Red Hat Training

A Red Hat training course is available for Red Hat Gluster Storage

Chapter 15. Troubleshooting

This chapter describes the most common troubleshooting scenarios related to Container-Native Storage.
  • What to do if a Container-Native Storage node Fails

    If a Container-Native Storage node fails, and you want to delete it, then, disable the node before deleting it. For more information see, Section 12.2.3, “Deleting Node”.
    If a Container-Native Storage node fails and you want to replace it, refer Section 12.2.3.3, “Replacing a Node”.
  • What to do if a Container-Native Storage device fails

    If a Container-Native Storage device fails, and you want to delete it, then, disable the device before deleting it. For more information see, Section 12.2.2, “Deleting Device ”.
    If a Container-Native Storage device fails, and you want to replace it, refer Section 12.2.2.3, “Replacing a Device”.
  • What to do if Container-Native Storage volumes require more capacity:

    You can increase the storage capacity by either adding devices, increasing the cluster size, or adding an entirely new cluster. For more information see Section 12.1, “Increasing Storage Capacity”.
  • How to upgrade Openshift when Container-Native Storage is installed

  • Viewing Log Files

    • Viewing Red Hat Gluster Storage Container Logs
      Debugging information related to Red Hat Gluster Storage containers is stored on the host where the containers are started. Specifically, the logs and configuration files can be found at the following locations on the openshift nodes where the Red Hat Gluster Storage server containers run:
      • /etc/glusterfs
      • /var/lib/glusterd
      • /var/log/glusterfs
    • Viewing Heketi Logs
      Debugging information related to Heketi is stored locally in the container or in the persisted volume that is provided to Heketi container.
      You can obtain logs for Heketi by running the docker logs container-id command on the openshift node where the container is being run.
  • Heketi command returns with no error or empty error like Error

    Sometimes, running heketi-cli command returns with no error or empty error like Error. It is mostly due to heketi server not properly configured. You must first ping to validate that the Heketi server is available and later verify with a curl command and /hello endpoint.

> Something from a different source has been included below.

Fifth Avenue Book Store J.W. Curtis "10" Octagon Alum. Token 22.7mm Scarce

  • Heketi reports an error while loading the topology file

    Running heketi-cli reports : Error "Unable to open topology file" error while loading the topology file. This could be due to the use of old syntax of single hyphen (-) as prefix for json option. You must use the new syntax of double hyphens and reload the topology file.

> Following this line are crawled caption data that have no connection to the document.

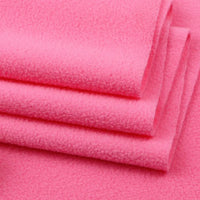 Neatly stacked bright pink Solid Polar Fleece Fabric by Longon Craft shows its thick, soft surface—ideal for cozy blankets or DIY sewing. Buy this 100% polyester material by the yard for your next craft or upholstery project.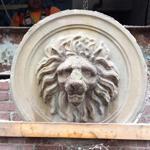 Crews carefully removed the lion's head from the Homans Building in Somerville as constuction of the MBTA Green Line extension continues.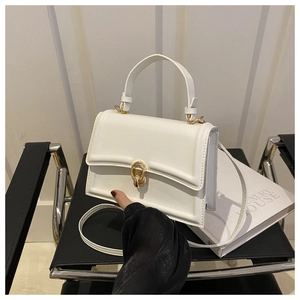 Dettaglio della borsa strutturata bianca con fibbia dorata su sedia di design elegante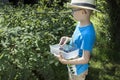 Boy in a blue T-shirt and a straw hat on his head stands near the bush of Kamchatka berries. He holds in his hands a container w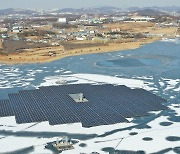 얼어붙은 저수지 위에 떠있는 태양광 발전소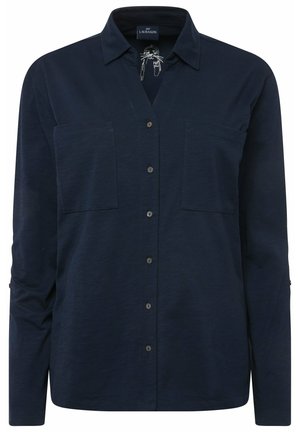 Chemise à manches longues bleu marine en tissu doux et texturé. Elle possède un col en V, deux poches sur la poitrine et une rangée de boutons sur le devant.
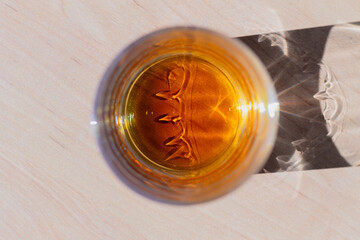 Whiskey in a glass top view, close-up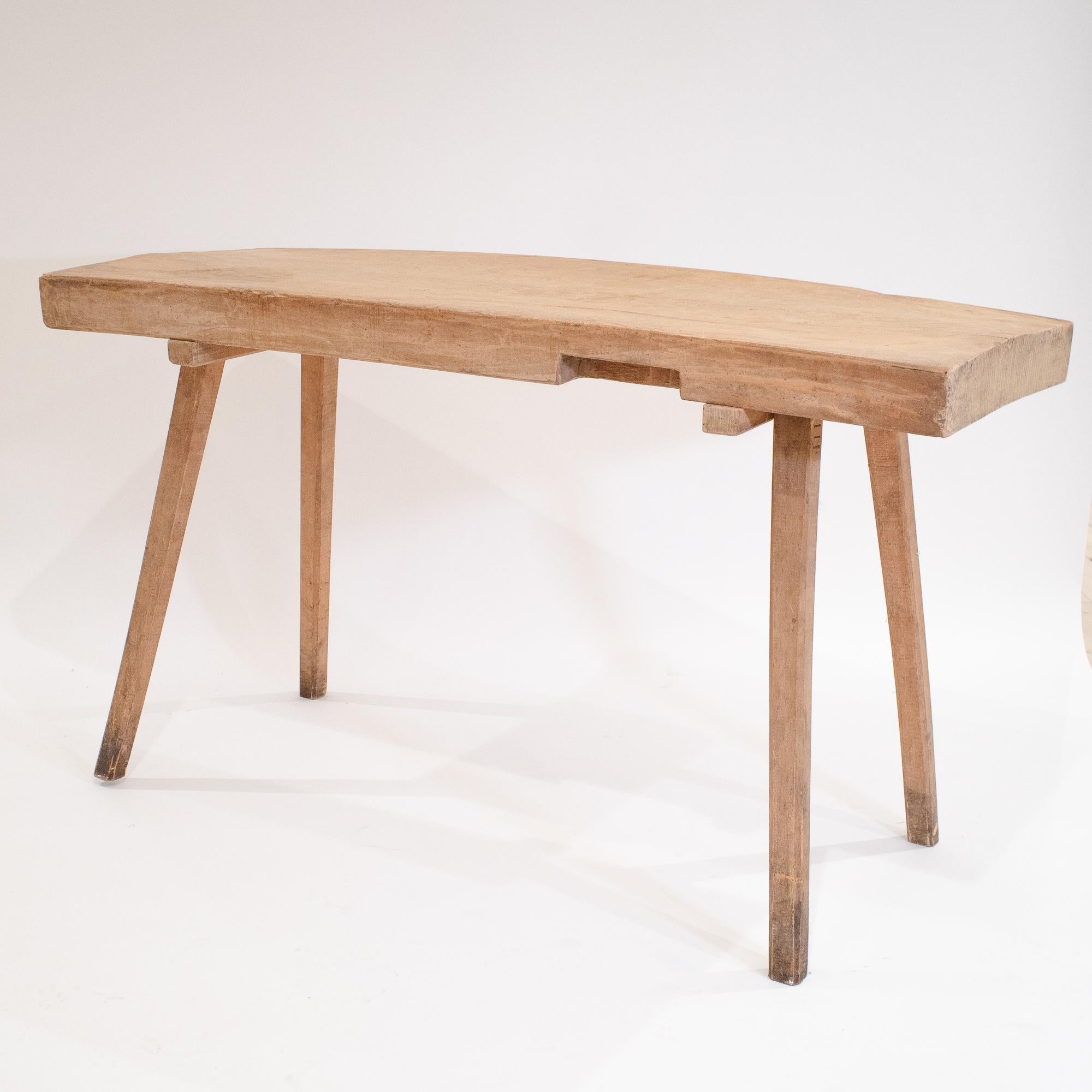 Cet établi rustique se caractérise par une substantielle dalle de bois dur massif brut, dont la forme préserve l'ordre naturel de l'arbre. La surface du plateau est pleine de caractère, avec des motifs de grain profonds et une patine d'usage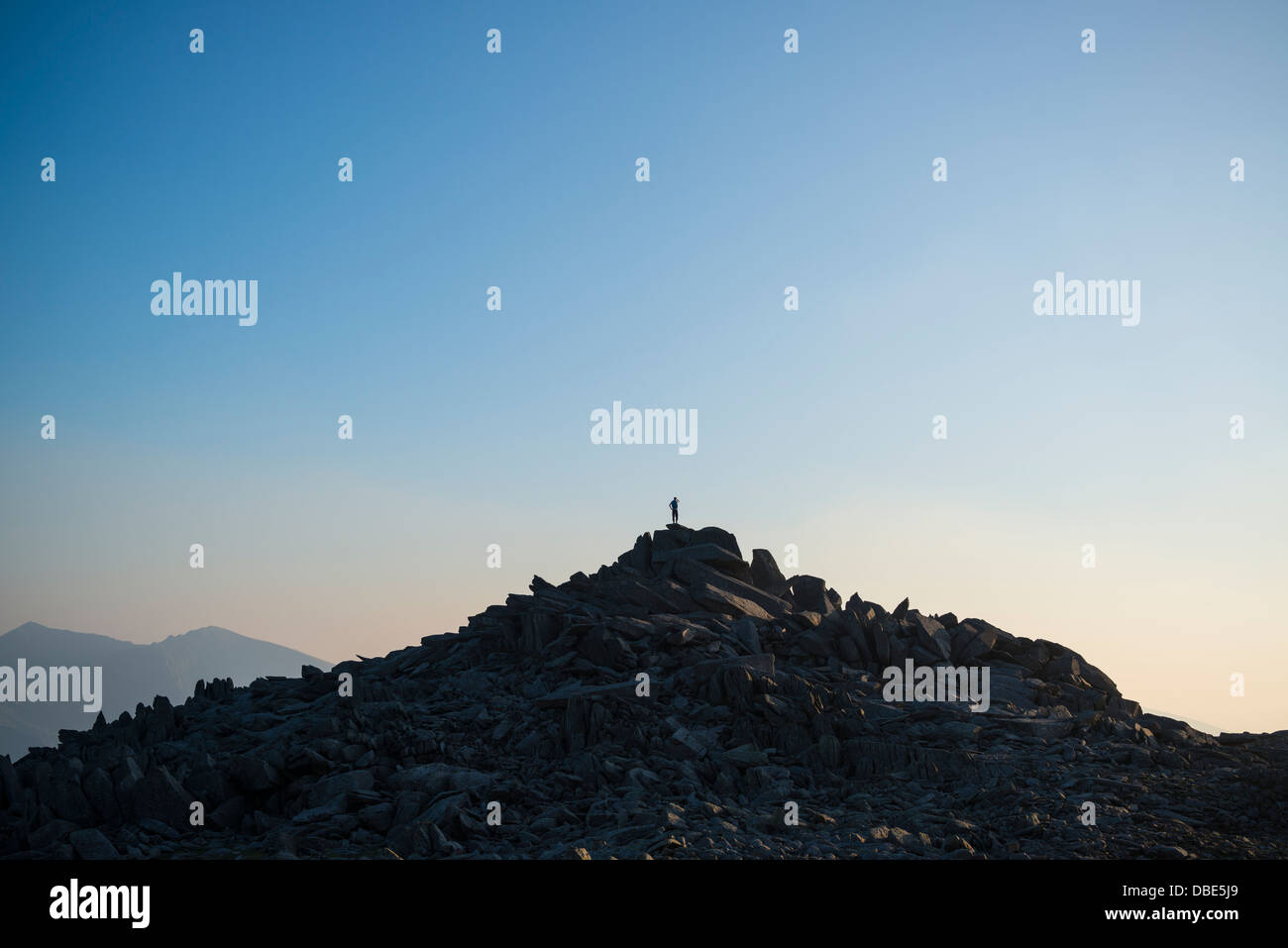 Silhouette der einsame Wanderer auf felsigen Gipfelaufbau des Glyder Fach, Snowdonia-Nationalpark, Wales Stockfoto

  • cURL command to heketi server fails or does not respond

    If the router or heketi is not configured properly, error messages from the heketi may not be clear. To troubleshoot, ping the heketi service using the endpoint and also using the IP address. If ping by the IP address succeeds and ping by the endpoint fails, it indicates a router configuration error.

    After the router is setup properly, run a simple curl command like the following:
    # curl http://deploy-heketi-storage-project.cloudapps.mystorage.com/hello
    If heketi is configured correctly, a welcome message from heketi is displayed. If not, check the heketi configuration.
  • Heketi fails to start when Red Hat Gluster Storage volume is used to store heketi.db file

    Sometimes Heketi fails to start when Red Hat Gluster Storage volume is used to store heketi.db and reports the following error:

    [heketi] INFO 2016/06/23 08:33:47 Loaded kubernetes executor
    [heketi] ERROR 2016/06/23 08:33:47 /src/github.com/heketi/heketi/apps/glusterfs/app.go:149: write /var/lib/heketi/heketi.db: read-only file system
    ERROR: Unable to start application
    The read-only file system error as shown above could be seen while using a Red Hat Gluster Storage volume as backend. This could be when the quorum is lost for the Red Hat Gluster Storage volume. In a replica-3 volume, this would be seen if 2 of the 3 bricks are down. You must ensure the quorum is met for heketi gluster volume and it is able to write to heketi.db file again.
    Even if you see a different error, it is a recommended practice to check if the Red Hat Gluster Storage volume serving heketi.db file is available or not. Access deny to heketi.db file is the most common reason for it to not start.